La Russie a été le premier pays à légaliser l'avortement en 1920 après avoir reconnu le droit d'une femme à interrompre une grossesse non désirée en cas de risques pour la santé de la mère et de l'enfant. En juin 2018, la Chambre des députés argentine a approuvé, après plus de 20 heures de débat, le projet de loi visant à dépénaliser l'avortement dans les cas de protection de la santé et de la vie.

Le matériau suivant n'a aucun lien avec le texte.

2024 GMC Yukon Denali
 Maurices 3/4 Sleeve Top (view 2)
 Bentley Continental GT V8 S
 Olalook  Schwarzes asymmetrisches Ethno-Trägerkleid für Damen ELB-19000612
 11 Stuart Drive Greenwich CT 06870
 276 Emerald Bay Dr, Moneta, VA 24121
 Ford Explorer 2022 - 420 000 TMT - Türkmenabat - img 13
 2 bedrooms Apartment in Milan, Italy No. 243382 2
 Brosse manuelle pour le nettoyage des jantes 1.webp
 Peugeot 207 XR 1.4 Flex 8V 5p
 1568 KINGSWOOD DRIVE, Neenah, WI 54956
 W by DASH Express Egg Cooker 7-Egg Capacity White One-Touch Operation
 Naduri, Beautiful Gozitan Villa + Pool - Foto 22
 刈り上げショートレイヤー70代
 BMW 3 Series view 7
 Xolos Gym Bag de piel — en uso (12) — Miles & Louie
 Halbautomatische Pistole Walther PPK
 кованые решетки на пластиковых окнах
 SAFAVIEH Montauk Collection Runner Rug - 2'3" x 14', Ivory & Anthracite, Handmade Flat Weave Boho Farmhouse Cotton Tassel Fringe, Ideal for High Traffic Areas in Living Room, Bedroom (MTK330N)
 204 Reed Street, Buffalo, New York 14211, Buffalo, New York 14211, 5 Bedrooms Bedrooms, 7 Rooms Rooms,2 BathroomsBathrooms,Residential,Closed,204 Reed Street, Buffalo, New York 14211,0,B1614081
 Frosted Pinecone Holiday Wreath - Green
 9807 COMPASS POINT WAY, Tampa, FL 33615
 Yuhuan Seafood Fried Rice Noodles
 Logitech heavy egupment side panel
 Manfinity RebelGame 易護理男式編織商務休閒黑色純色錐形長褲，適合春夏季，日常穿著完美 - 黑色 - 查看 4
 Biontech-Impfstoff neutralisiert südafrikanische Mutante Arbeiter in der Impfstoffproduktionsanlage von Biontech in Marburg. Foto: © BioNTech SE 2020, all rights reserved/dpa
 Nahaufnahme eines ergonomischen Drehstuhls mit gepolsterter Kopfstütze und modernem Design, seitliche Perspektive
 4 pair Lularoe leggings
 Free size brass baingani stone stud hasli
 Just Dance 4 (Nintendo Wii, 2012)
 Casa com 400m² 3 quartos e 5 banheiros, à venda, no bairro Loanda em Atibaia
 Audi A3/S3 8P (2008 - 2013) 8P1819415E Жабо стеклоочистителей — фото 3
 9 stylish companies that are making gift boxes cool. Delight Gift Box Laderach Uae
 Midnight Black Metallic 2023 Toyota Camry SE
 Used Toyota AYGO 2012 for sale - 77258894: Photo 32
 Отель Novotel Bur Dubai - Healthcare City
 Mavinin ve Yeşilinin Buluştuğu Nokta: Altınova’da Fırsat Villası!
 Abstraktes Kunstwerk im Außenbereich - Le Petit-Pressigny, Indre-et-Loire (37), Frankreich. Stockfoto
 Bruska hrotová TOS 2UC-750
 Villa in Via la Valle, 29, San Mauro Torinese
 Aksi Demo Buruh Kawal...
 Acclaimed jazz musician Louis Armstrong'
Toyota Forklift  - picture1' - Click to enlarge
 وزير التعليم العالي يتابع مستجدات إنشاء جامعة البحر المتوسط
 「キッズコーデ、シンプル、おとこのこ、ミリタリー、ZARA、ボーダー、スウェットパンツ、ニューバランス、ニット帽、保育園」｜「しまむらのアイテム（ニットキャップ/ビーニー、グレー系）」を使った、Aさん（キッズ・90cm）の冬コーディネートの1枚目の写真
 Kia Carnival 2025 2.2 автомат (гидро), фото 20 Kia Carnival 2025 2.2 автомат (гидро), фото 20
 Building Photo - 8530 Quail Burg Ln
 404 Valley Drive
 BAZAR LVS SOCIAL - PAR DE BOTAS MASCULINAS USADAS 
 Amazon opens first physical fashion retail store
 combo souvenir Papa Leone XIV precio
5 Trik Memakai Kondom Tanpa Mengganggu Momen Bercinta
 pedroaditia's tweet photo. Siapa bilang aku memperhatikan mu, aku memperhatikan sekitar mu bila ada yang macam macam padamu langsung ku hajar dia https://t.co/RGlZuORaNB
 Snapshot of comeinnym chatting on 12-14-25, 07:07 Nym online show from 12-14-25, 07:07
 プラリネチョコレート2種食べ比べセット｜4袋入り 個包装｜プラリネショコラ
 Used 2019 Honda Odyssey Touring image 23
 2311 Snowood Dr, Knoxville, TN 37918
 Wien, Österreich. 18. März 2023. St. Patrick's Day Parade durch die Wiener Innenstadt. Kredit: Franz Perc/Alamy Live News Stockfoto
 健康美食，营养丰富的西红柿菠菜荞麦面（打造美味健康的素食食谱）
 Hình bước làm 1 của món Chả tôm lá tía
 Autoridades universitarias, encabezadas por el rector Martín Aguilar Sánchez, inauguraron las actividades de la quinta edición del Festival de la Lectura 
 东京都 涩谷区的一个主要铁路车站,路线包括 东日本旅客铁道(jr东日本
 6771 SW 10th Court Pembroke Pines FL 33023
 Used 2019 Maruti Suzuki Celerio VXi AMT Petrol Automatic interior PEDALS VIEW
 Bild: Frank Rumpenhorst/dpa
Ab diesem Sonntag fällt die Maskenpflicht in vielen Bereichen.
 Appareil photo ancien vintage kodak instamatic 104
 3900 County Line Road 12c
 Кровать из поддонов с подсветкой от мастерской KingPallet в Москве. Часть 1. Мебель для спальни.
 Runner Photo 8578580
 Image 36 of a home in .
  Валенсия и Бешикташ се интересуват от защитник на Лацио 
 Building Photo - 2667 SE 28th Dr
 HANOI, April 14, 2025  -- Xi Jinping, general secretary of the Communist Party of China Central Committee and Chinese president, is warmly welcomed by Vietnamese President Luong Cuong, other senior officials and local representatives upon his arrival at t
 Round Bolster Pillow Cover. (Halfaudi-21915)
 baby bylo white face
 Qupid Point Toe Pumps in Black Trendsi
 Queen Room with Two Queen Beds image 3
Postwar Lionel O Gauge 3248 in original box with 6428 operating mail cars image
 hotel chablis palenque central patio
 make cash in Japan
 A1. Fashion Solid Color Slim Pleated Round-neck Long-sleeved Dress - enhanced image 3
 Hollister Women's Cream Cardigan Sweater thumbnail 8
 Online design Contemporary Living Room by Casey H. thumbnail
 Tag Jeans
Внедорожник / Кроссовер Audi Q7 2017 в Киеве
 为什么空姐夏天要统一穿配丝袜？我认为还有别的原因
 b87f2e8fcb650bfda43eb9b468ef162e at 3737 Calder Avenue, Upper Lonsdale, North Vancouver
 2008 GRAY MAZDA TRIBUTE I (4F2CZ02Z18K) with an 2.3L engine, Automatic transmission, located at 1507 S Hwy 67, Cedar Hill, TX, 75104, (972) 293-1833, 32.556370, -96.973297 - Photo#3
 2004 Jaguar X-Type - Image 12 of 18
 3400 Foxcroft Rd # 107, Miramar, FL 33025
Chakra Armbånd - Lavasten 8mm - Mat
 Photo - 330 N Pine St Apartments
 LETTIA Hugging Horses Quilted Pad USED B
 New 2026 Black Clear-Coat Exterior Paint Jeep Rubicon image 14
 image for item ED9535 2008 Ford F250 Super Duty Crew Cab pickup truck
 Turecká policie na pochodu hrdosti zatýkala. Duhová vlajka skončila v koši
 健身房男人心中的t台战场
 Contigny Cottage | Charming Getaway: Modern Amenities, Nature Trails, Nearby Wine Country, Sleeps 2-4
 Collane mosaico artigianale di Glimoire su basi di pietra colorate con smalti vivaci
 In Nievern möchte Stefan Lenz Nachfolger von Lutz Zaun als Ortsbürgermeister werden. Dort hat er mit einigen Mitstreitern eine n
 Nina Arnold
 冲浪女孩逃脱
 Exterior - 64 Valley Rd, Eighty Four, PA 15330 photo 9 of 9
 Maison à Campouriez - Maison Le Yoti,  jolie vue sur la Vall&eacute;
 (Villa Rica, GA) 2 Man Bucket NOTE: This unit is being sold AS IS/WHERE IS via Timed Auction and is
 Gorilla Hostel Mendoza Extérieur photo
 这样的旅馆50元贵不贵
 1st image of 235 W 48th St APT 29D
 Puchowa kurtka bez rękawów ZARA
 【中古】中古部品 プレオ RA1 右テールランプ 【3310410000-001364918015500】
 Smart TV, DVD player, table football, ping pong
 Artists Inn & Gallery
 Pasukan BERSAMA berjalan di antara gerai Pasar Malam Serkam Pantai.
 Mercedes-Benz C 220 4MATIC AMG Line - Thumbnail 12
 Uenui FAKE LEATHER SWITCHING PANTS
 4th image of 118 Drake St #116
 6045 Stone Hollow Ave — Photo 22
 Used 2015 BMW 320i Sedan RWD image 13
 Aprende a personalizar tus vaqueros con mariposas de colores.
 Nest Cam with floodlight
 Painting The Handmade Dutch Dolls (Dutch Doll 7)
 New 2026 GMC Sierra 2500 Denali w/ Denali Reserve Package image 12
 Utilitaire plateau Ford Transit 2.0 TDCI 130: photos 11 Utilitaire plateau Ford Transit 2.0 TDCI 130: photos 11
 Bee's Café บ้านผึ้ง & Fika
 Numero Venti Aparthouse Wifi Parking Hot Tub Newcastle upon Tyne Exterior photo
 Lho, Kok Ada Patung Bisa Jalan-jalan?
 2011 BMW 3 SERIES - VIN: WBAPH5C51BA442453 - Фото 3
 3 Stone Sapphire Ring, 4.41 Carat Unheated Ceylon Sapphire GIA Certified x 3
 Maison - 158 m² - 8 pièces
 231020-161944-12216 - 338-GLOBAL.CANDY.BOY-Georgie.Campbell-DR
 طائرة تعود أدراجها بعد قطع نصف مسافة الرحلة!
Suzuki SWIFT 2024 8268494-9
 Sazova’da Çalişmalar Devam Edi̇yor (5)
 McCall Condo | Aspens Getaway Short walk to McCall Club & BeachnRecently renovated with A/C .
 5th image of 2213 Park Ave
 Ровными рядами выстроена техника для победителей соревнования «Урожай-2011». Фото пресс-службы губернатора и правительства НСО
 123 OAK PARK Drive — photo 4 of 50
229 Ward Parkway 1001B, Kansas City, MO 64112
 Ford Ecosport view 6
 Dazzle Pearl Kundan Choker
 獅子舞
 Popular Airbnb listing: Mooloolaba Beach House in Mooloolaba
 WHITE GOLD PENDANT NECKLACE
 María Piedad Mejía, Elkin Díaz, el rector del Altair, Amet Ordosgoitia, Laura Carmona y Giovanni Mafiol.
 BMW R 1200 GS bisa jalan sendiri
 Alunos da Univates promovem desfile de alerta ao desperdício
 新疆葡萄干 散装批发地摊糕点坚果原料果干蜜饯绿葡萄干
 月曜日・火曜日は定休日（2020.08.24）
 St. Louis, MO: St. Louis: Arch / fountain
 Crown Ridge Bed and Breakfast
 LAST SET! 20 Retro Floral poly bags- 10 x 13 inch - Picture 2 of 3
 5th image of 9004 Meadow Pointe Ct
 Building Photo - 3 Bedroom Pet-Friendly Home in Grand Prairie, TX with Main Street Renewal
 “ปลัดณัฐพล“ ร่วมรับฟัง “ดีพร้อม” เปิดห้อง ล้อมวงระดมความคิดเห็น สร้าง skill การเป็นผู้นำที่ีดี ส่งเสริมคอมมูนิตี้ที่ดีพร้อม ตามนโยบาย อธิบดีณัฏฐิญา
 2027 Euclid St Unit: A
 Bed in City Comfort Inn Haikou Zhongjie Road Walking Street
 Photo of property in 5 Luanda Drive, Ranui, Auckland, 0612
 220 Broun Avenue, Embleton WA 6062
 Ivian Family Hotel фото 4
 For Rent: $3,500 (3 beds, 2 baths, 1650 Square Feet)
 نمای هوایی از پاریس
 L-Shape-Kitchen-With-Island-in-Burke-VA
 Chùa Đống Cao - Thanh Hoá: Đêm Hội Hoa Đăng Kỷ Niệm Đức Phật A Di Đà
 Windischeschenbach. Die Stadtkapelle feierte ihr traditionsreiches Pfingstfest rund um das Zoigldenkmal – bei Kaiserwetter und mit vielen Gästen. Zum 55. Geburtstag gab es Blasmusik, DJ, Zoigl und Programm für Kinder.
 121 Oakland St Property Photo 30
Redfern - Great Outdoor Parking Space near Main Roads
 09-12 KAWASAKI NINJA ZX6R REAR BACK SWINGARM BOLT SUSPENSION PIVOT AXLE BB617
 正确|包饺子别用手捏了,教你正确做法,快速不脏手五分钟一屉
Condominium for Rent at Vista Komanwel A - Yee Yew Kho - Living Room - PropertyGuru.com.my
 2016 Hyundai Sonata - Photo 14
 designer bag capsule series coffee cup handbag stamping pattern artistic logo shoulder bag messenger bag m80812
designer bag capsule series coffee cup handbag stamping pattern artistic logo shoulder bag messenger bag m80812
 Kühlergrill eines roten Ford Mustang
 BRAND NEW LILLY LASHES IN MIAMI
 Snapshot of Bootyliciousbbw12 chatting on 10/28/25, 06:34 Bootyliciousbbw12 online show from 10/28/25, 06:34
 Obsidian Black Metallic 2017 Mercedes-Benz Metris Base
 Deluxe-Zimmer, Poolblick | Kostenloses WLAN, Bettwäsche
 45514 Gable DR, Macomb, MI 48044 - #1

Les cadres réglementaires les plus souples se trouvent en Australie, en Asie, dans certaines régions d'Europe et en Amérique du Nord. de la planète pour traiter de l'avortement. En fait, aux Pays-Bas, la loi autorise les avortements dans des centres de santé spécialisés et agréés. En Chine, une loi sur l'avortement sans restriction a été adoptée en 1975, ce qui est très populaire en raison du contrôle des naissances dans ce pays asiatique.
Dans les Amériques, certaines nations ont accepté l'interruption de grossesse sous certaines conditions. des circonstances très particulières telles que le viol, l'insémination artificielle non consentie et l'existence de graves problèmes de santé du fœtus. Ces réglementations sont applicables au Mexique, au Brésil, au Costa Rica, à l'Équateur, au Panama, au Guatemala, au Pérou et au Venezuela.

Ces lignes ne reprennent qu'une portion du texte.